▸ TASK MATERIAL

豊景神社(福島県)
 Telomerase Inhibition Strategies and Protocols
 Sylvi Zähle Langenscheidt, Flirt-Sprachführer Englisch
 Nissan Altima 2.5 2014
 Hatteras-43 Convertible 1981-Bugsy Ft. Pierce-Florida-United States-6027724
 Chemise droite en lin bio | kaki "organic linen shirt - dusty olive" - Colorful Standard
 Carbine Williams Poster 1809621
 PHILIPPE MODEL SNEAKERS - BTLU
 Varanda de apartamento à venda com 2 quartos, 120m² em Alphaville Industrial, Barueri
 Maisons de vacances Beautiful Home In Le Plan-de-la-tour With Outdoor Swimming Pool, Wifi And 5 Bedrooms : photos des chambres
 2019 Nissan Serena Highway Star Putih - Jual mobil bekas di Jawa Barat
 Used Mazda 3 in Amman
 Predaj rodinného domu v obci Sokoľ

▸ WHAT THE EXERCISE ASKS
From top to bottom, please output the material exactly.

▸ FINAL ANSWER
豊景神社(福島県)
 Telomerase Inhibition Strategies and Protocols
 Sylvi Zähle Langenscheidt, Flirt-Sprachführer Englisch
 Nissan Altima 2.5 2014
 Hatteras-43 Convertible 1981-Bugsy Ft. Pierce-Florida-United States-6027724
 Chemise droite en lin bio | kaki "organic linen shirt - dusty olive" - Colorful Standard
 Carbine Williams Poster 1809621
 PHILIPPE MODEL SNEAKERS - BTLU
 Varanda de apartamento à venda com 2 quartos, 120m² em Alphaville Industrial, Barueri
 Maisons de vacances Beautiful Home In Le Plan-de-la-tour With Outdoor Swimming Pool, Wifi And 5 Bedrooms : photos des chambres
 2019 Nissan Serena Highway Star Putih - Jual mobil bekas di Jawa Barat
 Used Mazda 3 in Amman
 Predaj rodinného domu v obci Sokoľ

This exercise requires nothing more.